* _Directions for this task_
Copying task for the records below: reproduce each one exactly and drop the pictures.

* _Extracted entries_
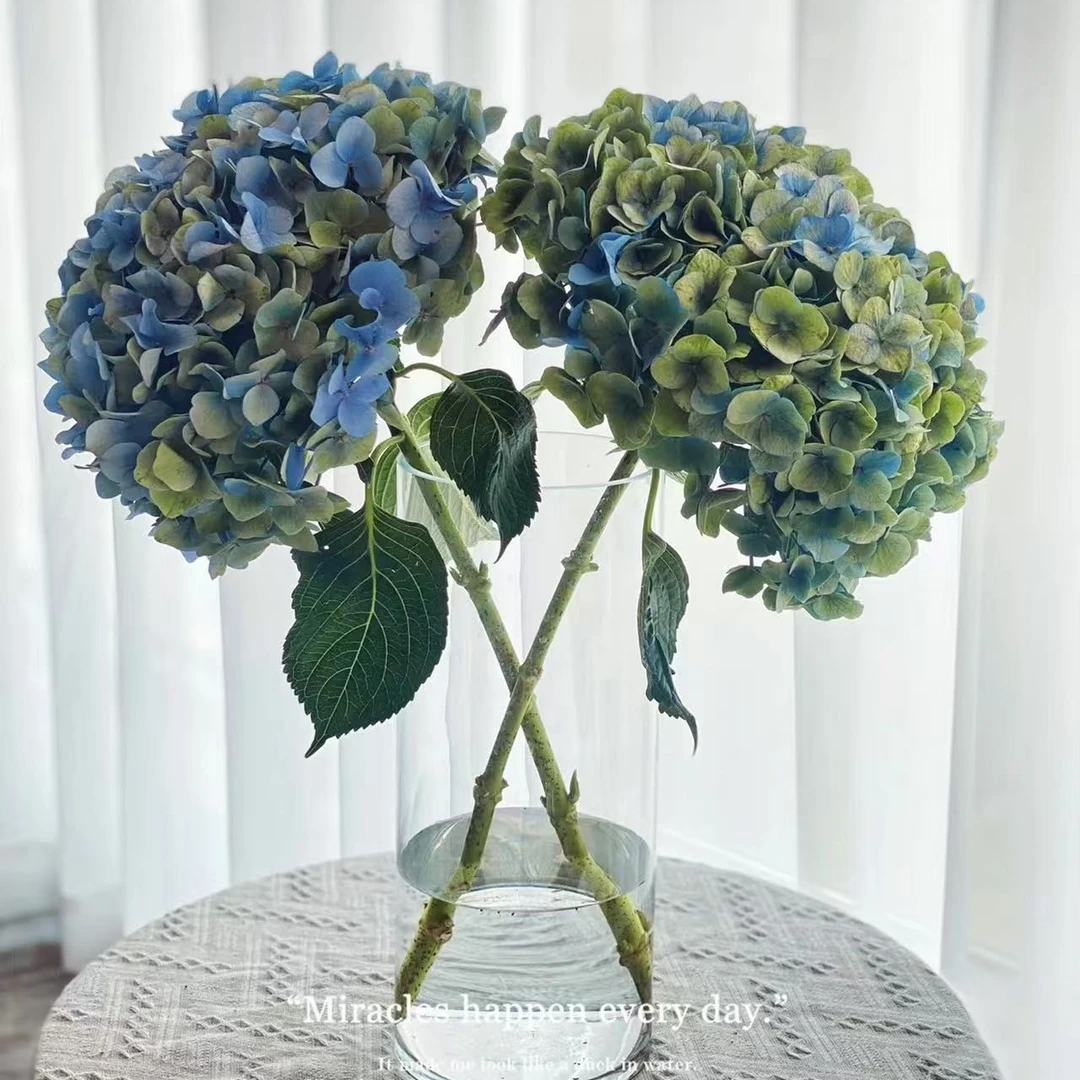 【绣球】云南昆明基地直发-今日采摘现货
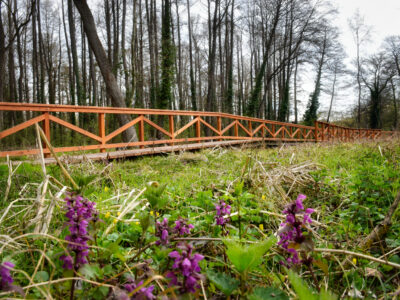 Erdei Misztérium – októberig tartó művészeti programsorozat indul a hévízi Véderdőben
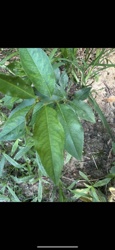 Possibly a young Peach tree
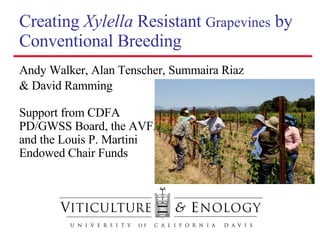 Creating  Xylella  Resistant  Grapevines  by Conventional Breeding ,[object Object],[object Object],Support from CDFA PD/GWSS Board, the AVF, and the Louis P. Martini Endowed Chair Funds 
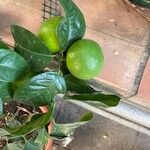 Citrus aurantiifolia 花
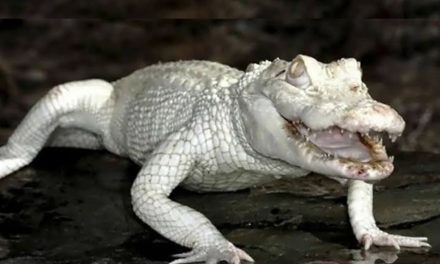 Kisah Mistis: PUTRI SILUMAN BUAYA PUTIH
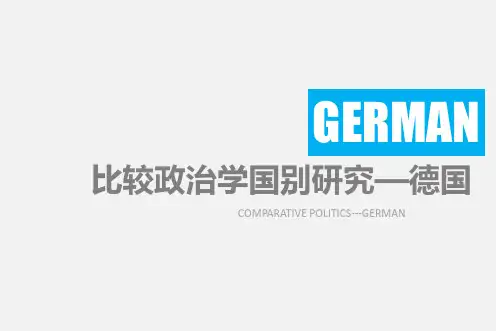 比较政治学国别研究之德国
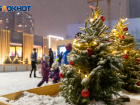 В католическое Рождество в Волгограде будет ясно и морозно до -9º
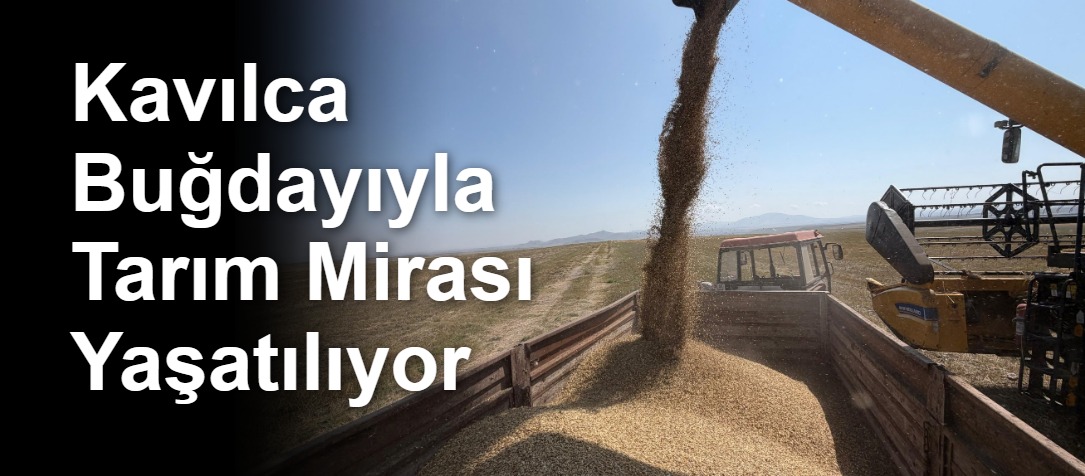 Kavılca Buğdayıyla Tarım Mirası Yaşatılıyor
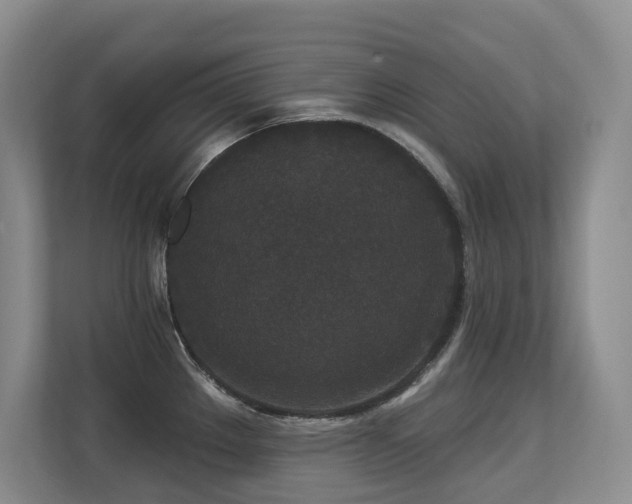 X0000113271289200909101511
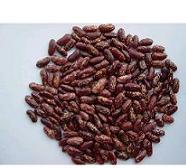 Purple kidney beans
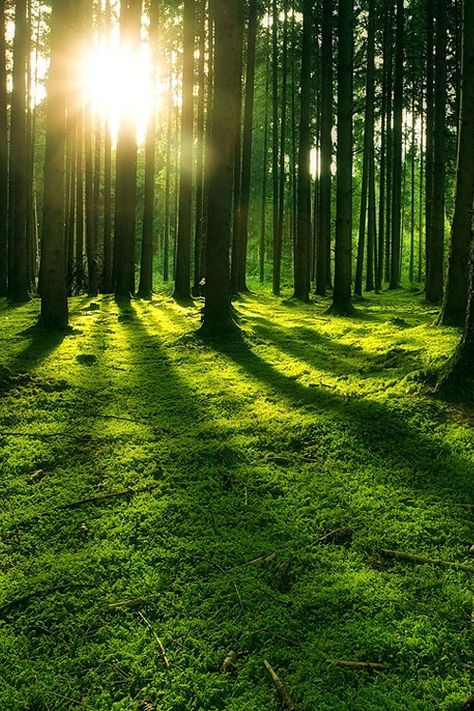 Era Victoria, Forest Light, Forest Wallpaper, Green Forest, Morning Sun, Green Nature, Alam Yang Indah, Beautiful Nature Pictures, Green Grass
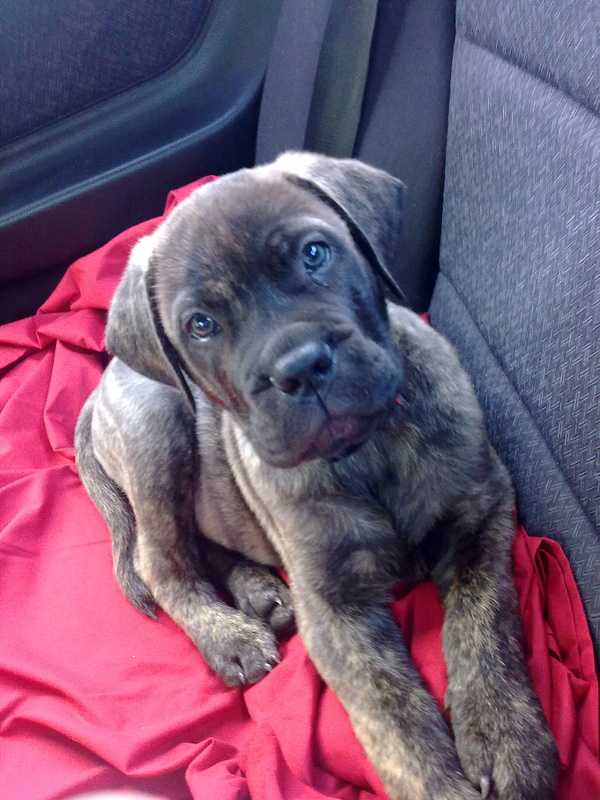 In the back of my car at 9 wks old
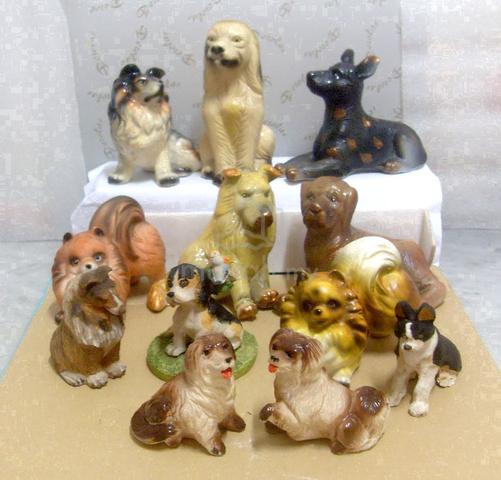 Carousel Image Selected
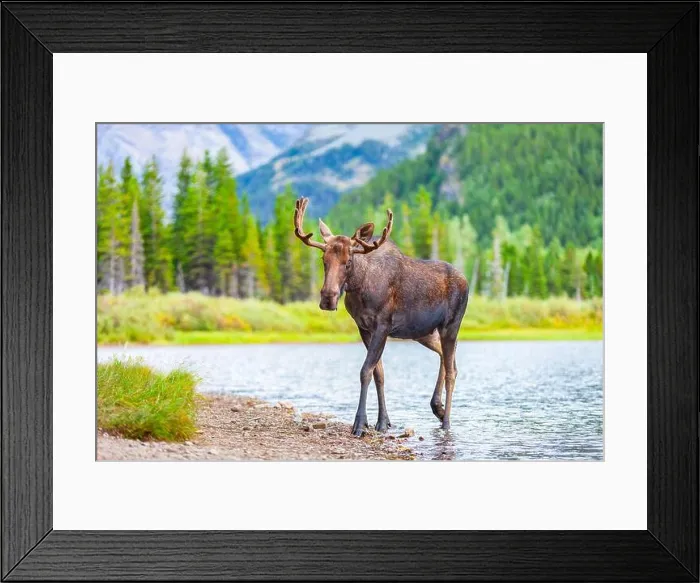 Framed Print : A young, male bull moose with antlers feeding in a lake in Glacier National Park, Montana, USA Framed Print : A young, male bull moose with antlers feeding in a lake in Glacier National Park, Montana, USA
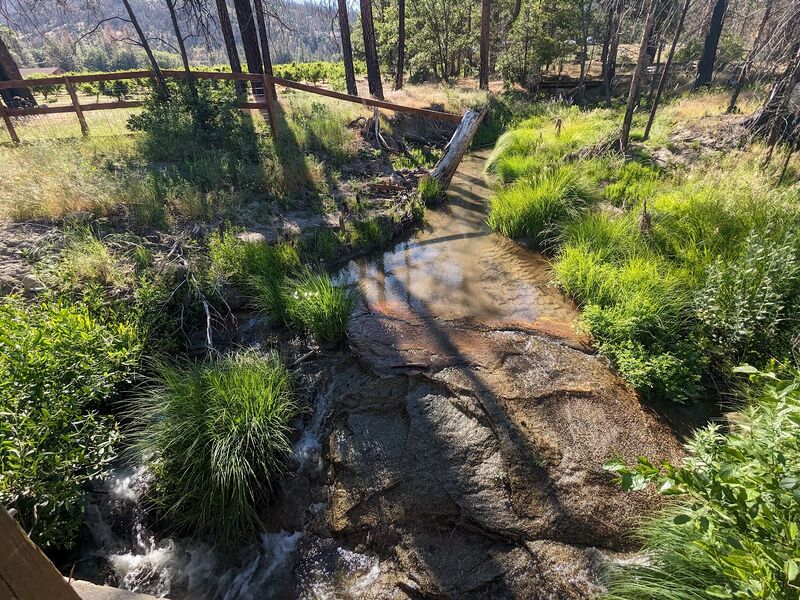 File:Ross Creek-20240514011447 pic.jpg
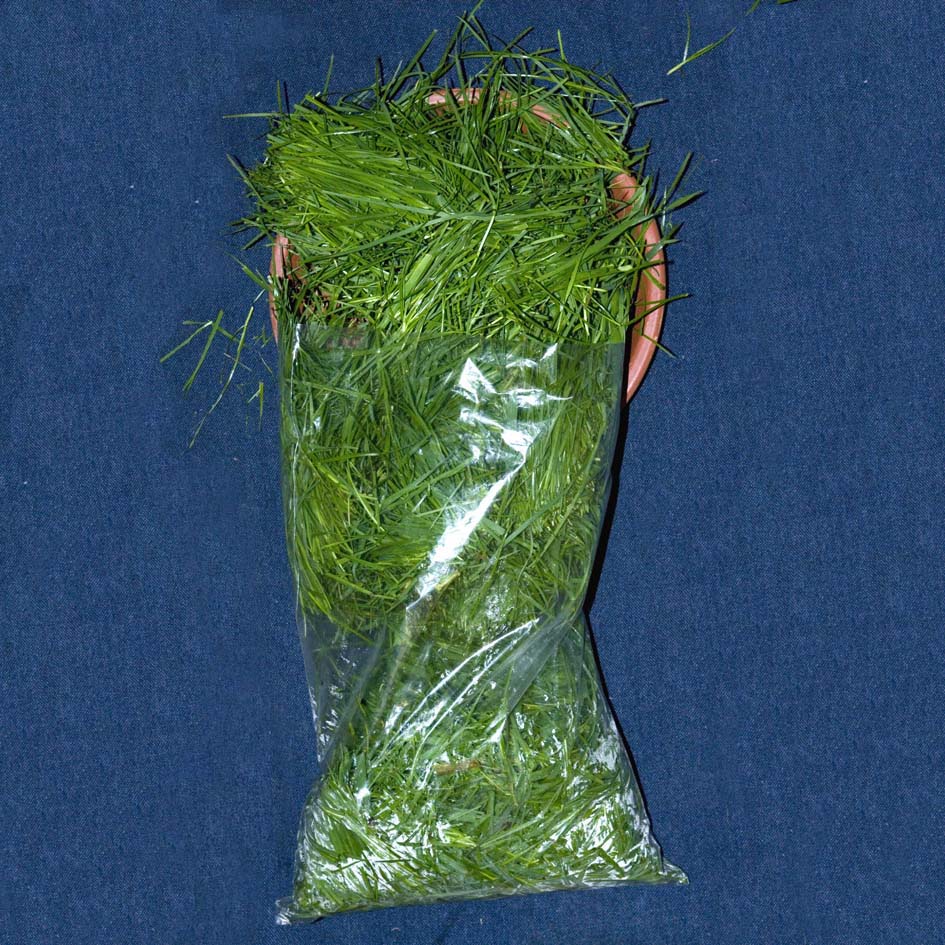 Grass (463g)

* _Response area_
 【绣球】云南昆明基地直发-今日采摘现货
 Erdei Misztérium – októberig tartó művészeti programsorozat indul a hévízi Véderdőben
 Possibly a young Peach tree
 Creating  Xylella  Resistant  Grapevines  by Conventional Breeding ,[object Object],[object Object],Support from CDFA PD/GWSS Board, the AVF, and the Louis P. Martini Endowed Chair Funds 
 Citrus aurantiifolia 花
 Kisah Mistis: PUTRI SILUMAN BUAYA PUTIH
 比较政治学国别研究之德国
 В католическое Рождество в Волгограде будет ясно и морозно до -9º
 Kavılca Buğdayıyla Tarım Mirası Yaşatılıyor
 X0000113271289200909101511
 Purple kidney beans
 Era Victoria, Forest Light, Forest Wallpaper, Green Forest, Morning Sun, Green Nature, Alam Yang Indah, Beautiful Nature Pictures, Green Grass
 In the back of my car at 9 wks old
 Carousel Image Selected
 Framed Print : A young, male bull moose with antlers feeding in a lake in Glacier National Park, Montana, USA Framed Print : A young, male bull moose with antlers feeding in a lake in Glacier National Park, Montana, USA
 File:Ross Creek-20240514011447 pic.jpg
 Grass (463g)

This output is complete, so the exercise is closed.